• Brief descriptive captions:
* * * * * * *

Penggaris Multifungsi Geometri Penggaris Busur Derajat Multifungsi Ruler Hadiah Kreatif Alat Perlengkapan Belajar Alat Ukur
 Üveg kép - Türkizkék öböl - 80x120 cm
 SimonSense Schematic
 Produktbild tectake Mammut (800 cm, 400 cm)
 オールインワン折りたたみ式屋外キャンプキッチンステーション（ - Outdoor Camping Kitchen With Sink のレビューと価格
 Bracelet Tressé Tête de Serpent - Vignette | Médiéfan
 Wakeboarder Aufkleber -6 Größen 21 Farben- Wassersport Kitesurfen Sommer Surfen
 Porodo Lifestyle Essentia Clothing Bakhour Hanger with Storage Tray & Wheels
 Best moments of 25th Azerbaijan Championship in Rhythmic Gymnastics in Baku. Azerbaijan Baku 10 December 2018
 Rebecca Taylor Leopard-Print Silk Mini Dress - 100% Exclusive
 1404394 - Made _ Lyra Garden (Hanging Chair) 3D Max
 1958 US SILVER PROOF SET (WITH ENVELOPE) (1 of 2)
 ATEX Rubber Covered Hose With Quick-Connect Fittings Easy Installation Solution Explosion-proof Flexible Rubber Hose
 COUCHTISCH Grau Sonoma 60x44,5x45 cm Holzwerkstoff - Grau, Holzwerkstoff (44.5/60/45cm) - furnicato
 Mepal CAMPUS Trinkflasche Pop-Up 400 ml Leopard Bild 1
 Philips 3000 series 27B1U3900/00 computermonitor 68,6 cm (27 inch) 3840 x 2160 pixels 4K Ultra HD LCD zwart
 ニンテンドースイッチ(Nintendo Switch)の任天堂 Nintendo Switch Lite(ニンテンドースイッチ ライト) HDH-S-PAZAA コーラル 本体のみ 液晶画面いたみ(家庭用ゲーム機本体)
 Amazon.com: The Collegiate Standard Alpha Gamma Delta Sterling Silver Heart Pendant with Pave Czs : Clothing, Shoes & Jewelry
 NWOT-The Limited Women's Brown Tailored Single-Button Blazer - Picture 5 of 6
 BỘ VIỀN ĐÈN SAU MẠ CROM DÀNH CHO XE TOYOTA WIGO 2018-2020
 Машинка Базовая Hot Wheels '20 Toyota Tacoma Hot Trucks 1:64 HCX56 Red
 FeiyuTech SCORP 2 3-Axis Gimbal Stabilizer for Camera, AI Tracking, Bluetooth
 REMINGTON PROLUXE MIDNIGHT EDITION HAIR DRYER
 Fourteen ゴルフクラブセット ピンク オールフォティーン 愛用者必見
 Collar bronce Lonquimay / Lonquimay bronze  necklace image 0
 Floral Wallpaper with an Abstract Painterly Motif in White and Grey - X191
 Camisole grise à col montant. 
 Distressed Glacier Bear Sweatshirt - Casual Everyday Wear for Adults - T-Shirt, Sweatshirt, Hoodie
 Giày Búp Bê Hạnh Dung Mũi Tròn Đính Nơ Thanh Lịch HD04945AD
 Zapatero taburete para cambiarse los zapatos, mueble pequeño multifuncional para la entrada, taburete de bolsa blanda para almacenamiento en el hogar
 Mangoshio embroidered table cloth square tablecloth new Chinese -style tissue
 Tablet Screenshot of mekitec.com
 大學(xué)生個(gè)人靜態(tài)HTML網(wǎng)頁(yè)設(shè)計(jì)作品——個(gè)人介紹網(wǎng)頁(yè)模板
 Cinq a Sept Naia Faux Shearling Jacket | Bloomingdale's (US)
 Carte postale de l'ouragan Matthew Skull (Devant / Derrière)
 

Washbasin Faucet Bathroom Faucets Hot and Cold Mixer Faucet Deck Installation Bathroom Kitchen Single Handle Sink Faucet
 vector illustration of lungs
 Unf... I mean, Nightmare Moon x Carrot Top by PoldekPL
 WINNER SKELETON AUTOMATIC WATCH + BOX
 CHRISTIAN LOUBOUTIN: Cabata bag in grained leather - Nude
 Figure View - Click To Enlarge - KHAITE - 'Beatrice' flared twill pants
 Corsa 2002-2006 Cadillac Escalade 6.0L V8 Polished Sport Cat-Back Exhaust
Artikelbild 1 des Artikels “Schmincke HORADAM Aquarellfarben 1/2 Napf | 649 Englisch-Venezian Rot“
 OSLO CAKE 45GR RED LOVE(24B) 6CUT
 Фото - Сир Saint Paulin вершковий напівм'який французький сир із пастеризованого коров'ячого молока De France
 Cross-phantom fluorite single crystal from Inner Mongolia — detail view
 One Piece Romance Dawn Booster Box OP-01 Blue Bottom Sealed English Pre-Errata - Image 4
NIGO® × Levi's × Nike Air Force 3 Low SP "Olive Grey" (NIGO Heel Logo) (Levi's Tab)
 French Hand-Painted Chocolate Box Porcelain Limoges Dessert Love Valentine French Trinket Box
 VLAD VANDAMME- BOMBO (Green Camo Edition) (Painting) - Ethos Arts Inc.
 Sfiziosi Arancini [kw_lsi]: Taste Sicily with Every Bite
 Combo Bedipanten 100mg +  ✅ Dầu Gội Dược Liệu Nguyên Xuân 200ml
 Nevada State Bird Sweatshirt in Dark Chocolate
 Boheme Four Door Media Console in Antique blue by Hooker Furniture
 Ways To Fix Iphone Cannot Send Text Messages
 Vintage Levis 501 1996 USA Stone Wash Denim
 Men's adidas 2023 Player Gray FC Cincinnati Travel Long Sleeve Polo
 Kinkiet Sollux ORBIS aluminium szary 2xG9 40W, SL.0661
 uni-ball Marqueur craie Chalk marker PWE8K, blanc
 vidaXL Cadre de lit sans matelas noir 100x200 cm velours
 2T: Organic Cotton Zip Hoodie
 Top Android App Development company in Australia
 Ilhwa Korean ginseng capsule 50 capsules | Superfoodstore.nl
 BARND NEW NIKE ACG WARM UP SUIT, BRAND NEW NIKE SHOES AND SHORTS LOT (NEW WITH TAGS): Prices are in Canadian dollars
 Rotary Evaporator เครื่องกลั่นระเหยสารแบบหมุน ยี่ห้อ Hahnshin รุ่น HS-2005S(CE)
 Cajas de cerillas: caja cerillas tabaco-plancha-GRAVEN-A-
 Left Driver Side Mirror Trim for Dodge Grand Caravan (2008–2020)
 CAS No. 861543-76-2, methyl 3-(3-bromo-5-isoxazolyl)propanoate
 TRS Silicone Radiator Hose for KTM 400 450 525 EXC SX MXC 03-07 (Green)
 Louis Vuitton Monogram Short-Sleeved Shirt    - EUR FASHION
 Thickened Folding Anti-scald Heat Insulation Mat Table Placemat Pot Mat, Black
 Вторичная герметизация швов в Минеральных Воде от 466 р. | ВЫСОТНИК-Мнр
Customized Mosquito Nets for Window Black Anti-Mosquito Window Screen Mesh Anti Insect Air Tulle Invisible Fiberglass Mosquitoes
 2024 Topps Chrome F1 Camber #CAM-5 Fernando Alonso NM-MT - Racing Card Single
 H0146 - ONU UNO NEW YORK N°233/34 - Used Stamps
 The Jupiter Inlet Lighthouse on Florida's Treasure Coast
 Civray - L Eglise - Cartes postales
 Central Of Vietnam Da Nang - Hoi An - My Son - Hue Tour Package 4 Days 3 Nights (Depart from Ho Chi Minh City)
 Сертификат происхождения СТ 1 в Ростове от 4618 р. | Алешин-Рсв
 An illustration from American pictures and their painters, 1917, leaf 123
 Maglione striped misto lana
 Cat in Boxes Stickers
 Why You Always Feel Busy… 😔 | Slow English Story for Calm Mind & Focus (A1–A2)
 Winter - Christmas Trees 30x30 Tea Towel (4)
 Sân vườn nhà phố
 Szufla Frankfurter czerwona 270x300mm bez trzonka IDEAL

* * * * * * *

• TASK TO CARRY OUT: Please retype each entry above exactly as it is written.

• EXERCISE ANSWER:
Penggaris Multifungsi Geometri Penggaris Busur Derajat Multifungsi Ruler Hadiah Kreatif Alat Perlengkapan Belajar Alat Ukur
 Üveg kép - Türkizkék öböl - 80x120 cm
 SimonSense Schematic
 Produktbild tectake Mammut (800 cm, 400 cm)
 オールインワン折りたたみ式屋外キャンプキッチンステーション（ - Outdoor Camping Kitchen With Sink のレビューと価格
 Bracelet Tressé Tête de Serpent - Vignette | Médiéfan
 Wakeboarder Aufkleber -6 Größen 21 Farben- Wassersport Kitesurfen Sommer Surfen
 Porodo Lifestyle Essentia Clothing Bakhour Hanger with Storage Tray & Wheels
 Best moments of 25th Azerbaijan Championship in Rhythmic Gymnastics in Baku. Azerbaijan Baku 10 December 2018
 Rebecca Taylor Leopard-Print Silk Mini Dress - 100% Exclusive
 1404394 - Made _ Lyra Garden (Hanging Chair) 3D Max
 1958 US SILVER PROOF SET (WITH ENVELOPE) (1 of 2)
 ATEX Rubber Covered Hose With Quick-Connect Fittings Easy Installation Solution Explosion-proof Flexible Rubber Hose
 COUCHTISCH Grau Sonoma 60x44,5x45 cm Holzwerkstoff - Grau, Holzwerkstoff (44.5/60/45cm) - furnicato
 Mepal CAMPUS Trinkflasche Pop-Up 400 ml Leopard Bild 1
 Philips 3000 series 27B1U3900/00 computermonitor 68,6 cm (27 inch) 3840 x 2160 pixels 4K Ultra HD LCD zwart
 ニンテンドースイッチ(Nintendo Switch)の任天堂 Nintendo Switch Lite(ニンテンドースイッチ ライト) HDH-S-PAZAA コーラル 本体のみ 液晶画面いたみ(家庭用ゲーム機本体)
 Amazon.com: The Collegiate Standard Alpha Gamma Delta Sterling Silver Heart Pendant with Pave Czs : Clothing, Shoes & Jewelry
 NWOT-The Limited Women's Brown Tailored Single-Button Blazer - Picture 5 of 6
 BỘ VIỀN ĐÈN SAU MẠ CROM DÀNH CHO XE TOYOTA WIGO 2018-2020
 Машинка Базовая Hot Wheels '20 Toyota Tacoma Hot Trucks 1:64 HCX56 Red
 FeiyuTech SCORP 2 3-Axis Gimbal Stabilizer for Camera, AI Tracking, Bluetooth
 REMINGTON PROLUXE MIDNIGHT EDITION HAIR DRYER
 Fourteen ゴルフクラブセット ピンク オールフォティーン 愛用者必見
 Collar bronce Lonquimay / Lonquimay bronze  necklace image 0
 Floral Wallpaper with an Abstract Painterly Motif in White and Grey - X191
 Camisole grise à col montant. 
 Distressed Glacier Bear Sweatshirt - Casual Everyday Wear for Adults - T-Shirt, Sweatshirt, Hoodie
 Giày Búp Bê Hạnh Dung Mũi Tròn Đính Nơ Thanh Lịch HD04945AD
 Zapatero taburete para cambiarse los zapatos, mueble pequeño multifuncional para la entrada, taburete de bolsa blanda para almacenamiento en el hogar
 Mangoshio embroidered table cloth square tablecloth new Chinese -style tissue
 Tablet Screenshot of mekitec.com
 大學(xué)生個(gè)人靜態(tài)HTML網(wǎng)頁(yè)設(shè)計(jì)作品——個(gè)人介紹網(wǎng)頁(yè)模板
 Cinq a Sept Naia Faux Shearling Jacket | Bloomingdale's (US)
 Carte postale de l'ouragan Matthew Skull (Devant / Derrière)
 

Washbasin Faucet Bathroom Faucets Hot and Cold Mixer Faucet Deck Installation Bathroom Kitchen Single Handle Sink Faucet
 vector illustration of lungs
 Unf... I mean, Nightmare Moon x Carrot Top by PoldekPL
 WINNER SKELETON AUTOMATIC WATCH + BOX
 CHRISTIAN LOUBOUTIN: Cabata bag in grained leather - Nude
 Figure View - Click To Enlarge - KHAITE - 'Beatrice' flared twill pants
 Corsa 2002-2006 Cadillac Escalade 6.0L V8 Polished Sport Cat-Back Exhaust
Artikelbild 1 des Artikels “Schmincke HORADAM Aquarellfarben 1/2 Napf | 649 Englisch-Venezian Rot“
 OSLO CAKE 45GR RED LOVE(24B) 6CUT
 Фото - Сир Saint Paulin вершковий напівм'який французький сир із пастеризованого коров'ячого молока De France
 Cross-phantom fluorite single crystal from Inner Mongolia — detail view
 One Piece Romance Dawn Booster Box OP-01 Blue Bottom Sealed English Pre-Errata - Image 4
NIGO® × Levi's × Nike Air Force 3 Low SP "Olive Grey" (NIGO Heel Logo) (Levi's Tab)
 French Hand-Painted Chocolate Box Porcelain Limoges Dessert Love Valentine French Trinket Box
 VLAD VANDAMME- BOMBO (Green Camo Edition) (Painting) - Ethos Arts Inc.
 Sfiziosi Arancini [kw_lsi]: Taste Sicily with Every Bite
 Combo Bedipanten 100mg +  ✅ Dầu Gội Dược Liệu Nguyên Xuân 200ml
 Nevada State Bird Sweatshirt in Dark Chocolate
 Boheme Four Door Media Console in Antique blue by Hooker Furniture
 Ways To Fix Iphone Cannot Send Text Messages
 Vintage Levis 501 1996 USA Stone Wash Denim
 Men's adidas 2023 Player Gray FC Cincinnati Travel Long Sleeve Polo
 Kinkiet Sollux ORBIS aluminium szary 2xG9 40W, SL.0661
 uni-ball Marqueur craie Chalk marker PWE8K, blanc
 vidaXL Cadre de lit sans matelas noir 100x200 cm velours
 2T: Organic Cotton Zip Hoodie
 Top Android App Development company in Australia
 Ilhwa Korean ginseng capsule 50 capsules | Superfoodstore.nl
 BARND NEW NIKE ACG WARM UP SUIT, BRAND NEW NIKE SHOES AND SHORTS LOT (NEW WITH TAGS): Prices are in Canadian dollars
 Rotary Evaporator เครื่องกลั่นระเหยสารแบบหมุน ยี่ห้อ Hahnshin รุ่น HS-2005S(CE)
 Cajas de cerillas: caja cerillas tabaco-plancha-GRAVEN-A-
 Left Driver Side Mirror Trim for Dodge Grand Caravan (2008–2020)
 CAS No. 861543-76-2, methyl 3-(3-bromo-5-isoxazolyl)propanoate
 TRS Silicone Radiator Hose for KTM 400 450 525 EXC SX MXC 03-07 (Green)
 Louis Vuitton Monogram Short-Sleeved Shirt    - EUR FASHION
 Thickened Folding Anti-scald Heat Insulation Mat Table Placemat Pot Mat, Black
 Вторичная герметизация швов в Минеральных Воде от 466 р. | ВЫСОТНИК-Мнр
Customized Mosquito Nets for Window Black Anti-Mosquito Window Screen Mesh Anti Insect Air Tulle Invisible Fiberglass Mosquitoes
 2024 Topps Chrome F1 Camber #CAM-5 Fernando Alonso NM-MT - Racing Card Single
 H0146 - ONU UNO NEW YORK N°233/34 - Used Stamps
 The Jupiter Inlet Lighthouse on Florida's Treasure Coast
 Civray - L Eglise - Cartes postales
 Central Of Vietnam Da Nang - Hoi An - My Son - Hue Tour Package 4 Days 3 Nights (Depart from Ho Chi Minh City)
 Сертификат происхождения СТ 1 в Ростове от 4618 р. | Алешин-Рсв
 An illustration from American pictures and their painters, 1917, leaf 123
 Maglione striped misto lana
 Cat in Boxes Stickers
 Why You Always Feel Busy… 😔 | Slow English Story for Calm Mind & Focus (A1–A2)
 Winter - Christmas Trees 30x30 Tea Towel (4)
 Sân vườn nhà phố
 Szufla Frankfurter czerwona 270x300mm bez trzonka IDEAL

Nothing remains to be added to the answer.